Muscle sprains, tendinopathies, and myofascial trigger points are common in practices. How we manage and treat these common occurrences is ever-evolving. Incorporating shockwave therapy early in the treatment of these conditions results in quicker resolution of pain, faster resolution of lameness and discomfort for the patient, and increased function of the muscles and tendons. While palpation of the myofascial structures can never be underestimated, being able to “see” the healing with the use of digital thermography and musculoskeletal ultrasound helps to give us more objective analysis of the resolution utilizing different modalities, including shockwave therapy, therapeutic ultrasound, and regenerative medicine, as we work together to further understand how to better treat our patients

Discussion by Mike Petty, DVM, CCRT, CVPP, DAAPM

Myofascial pain syndrome is a condition that previously only had treatment modalities like massage, dry-needling (insertion of an acupuncture needle into the affected area), and laser. With the advent of shockwave technology, we now have another treatment.

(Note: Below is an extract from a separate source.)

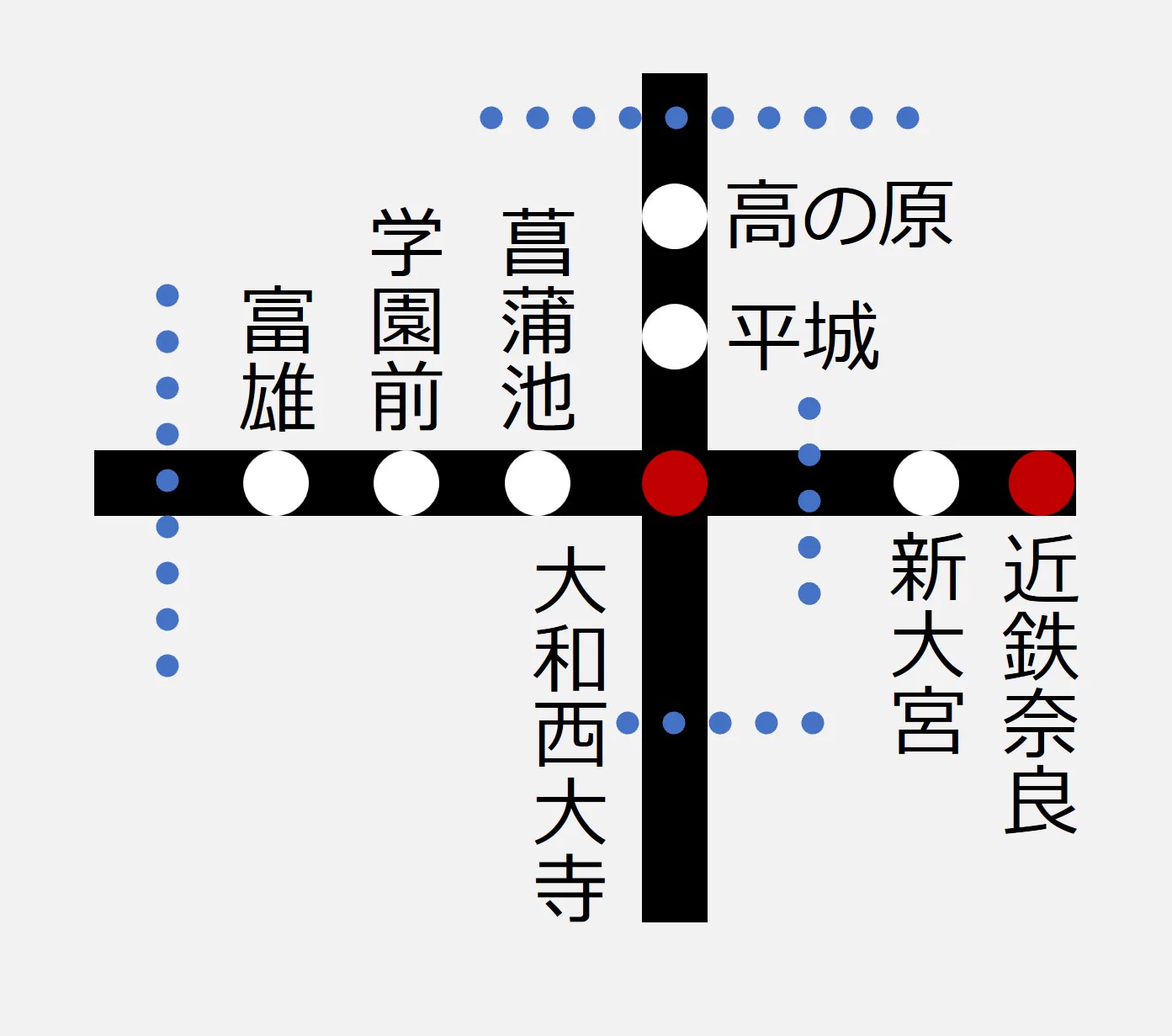 近鉄方向幕行先表示板ファン (@kinmakufan) / X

There are three types of shockwave therapies: electromagnetic, electrohydraulic, and piezoelectric. The two that are used most commonly in veterinary medicine are electrohydraulic and piezoelectric. Piezoelectric therapy, as mentioned in this article, has the advantage of being nonpainful to administer, but it is a lower strength and may require longer and more frequent therapies. Electrohydraulic is painful to administer and usually requires that the patient receive some kind of sedative plus pain medication before therapy, but it often only requires one or two treatments. If you are interested in using shockwave therapy in your practice, you should thoroughly investigate what type of unit you want to purchase.

Myofascial pain is rarely a condition onto itself; there is almost always some underlying or perpetuating cause, such as degenerative joint disease, acute injury to a joint or limb, or surgery, to name a few. Treatment of the myofascial pain is only temporary if the underlying cause is not adequately treated. This doesn’t mean myofascial pain treatment is not important; indeed, sometimes the myofascial pain is worse that the underlying issue. It does mean that you have to use your investigative skills to diagnose the underlying issue and set up a treatment plan.

Michael C. Petty, DVM, CCRT, CVPP, DAAPM, is in private practice in Canton, Michigan. He is a frequent national and international lecturer on topics related to pain management. Petty offers commentary on each Pain Case of the Month (and occasionally writes one himself). He was also a member of the task force for the 2015 AAHA/AAFP Pain Management Guidelines for Dogs and Cats.
Heather Owen
Heather Owen, DVM, MAV, CCRP, CCFT, MT, is the owner of Animal Acupuncture and Canine Sports Medicine Facility in Tulsa, Oklahoma. She is certified in medical acupuncture along with being a certified canine rehabilitation practitioner, certified canine fitness practitioner, and a certified master trainer. She received her DVM from Oklahoma State University.